2. Description of the Related Art
Instant messaging systems provide for live, text-based chat sessions between two or more users. Unlike e-mail, instant messaging requires that all parties be online at the same time. AOL's Instant Messenger (“AIM®”), Microsoft Network Messenger Service (“MSNMS®”), ICQ® and Yahoo! Messenger® are the major instant messaging services.
Instant messaging clients allows users to maintain a list of contacts, often referred to as a “buddy list” or “contact list.” A user can send instant messages to any of the people in the user's list, as long as those people are online. Sending a message opens up a small window where the user and the user's buddies can type in messages that both can see.
Most of the popular instant messaging programs provide a variety of supplemental features including, for example, Web links (the ability to share links to Websites); image sharing (the ability to view images stored on a buddy's computer; sound sharing (the ability transmit sounds to a buddy); file sharing (the ability to transmit files to a buddy); audio communication (the ability to use the Internet instead of a phone to actually talk with buddies); and information streaming (streaming of real-time or near-real-time information such as stock quotes and news headlines).

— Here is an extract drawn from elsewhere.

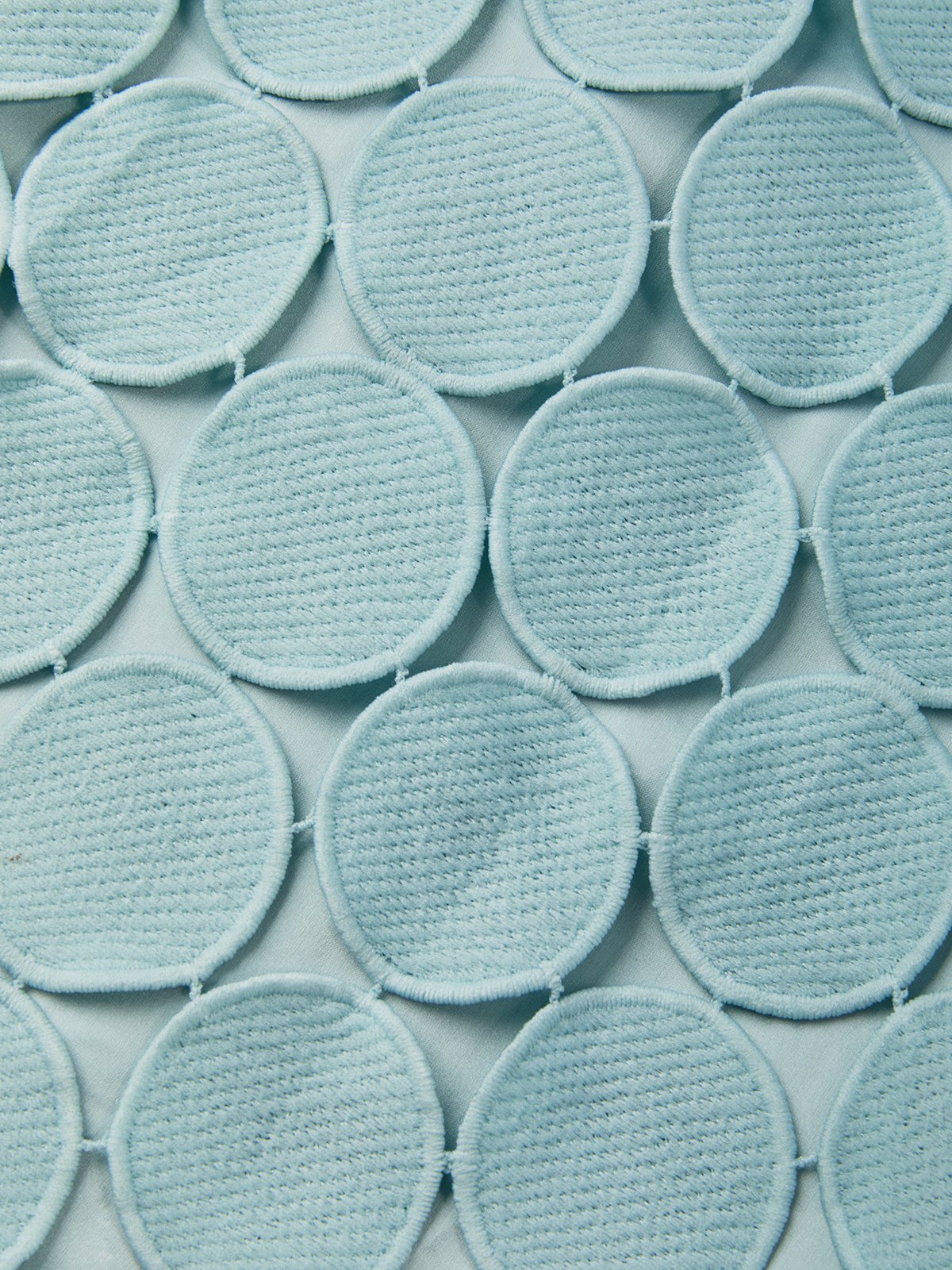 Katrina | Midiklänning med laserskurna detaljer, hög hals, ärmlös modell och livstycke i satin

Some of the basic principles associated with an instant messaging session will now be described with respect to FIG. 1. In order to establish an instant messaging session, client computers 102 and 104 operated by end users, must initially connect over a network (e.g., the Internet) to an instant messaging service 100. The client computers 102 and 104 typically establish a connection via a dial up line, cable modem connection or digital subscriber line (“DSL”). Alternatively, the client computers 102 or 104 may be connected to the Internet via a local area network (“LAN”) gateway.
In order to communicate with the specified instant messaging service 100, proprietary instant messaging client software must initially be installed on the client computers 102 and 104. For example, if the instant messaging service 100 is AIM, then AOL's proprietary instant messaging client software must be installed. The client software allows the client computers 102 and 104 to communicate with the AIM server using AOL's proprietary instant messaging protocol.
Similarly, other instant messaging services, such as IM service 108, will require different client software installed on client computers 106 and 110. For example, Yahoo's proprietary IM software, which includes built-in support for Yahoo's proprietary IM protocol, must be installed on any client computer that uses Yahoo's IM service. Moreover, the client IM software and associated IM protocols required by each service 100, 108 are not compatible. Client software designed for one service may not be used to connect to a different service.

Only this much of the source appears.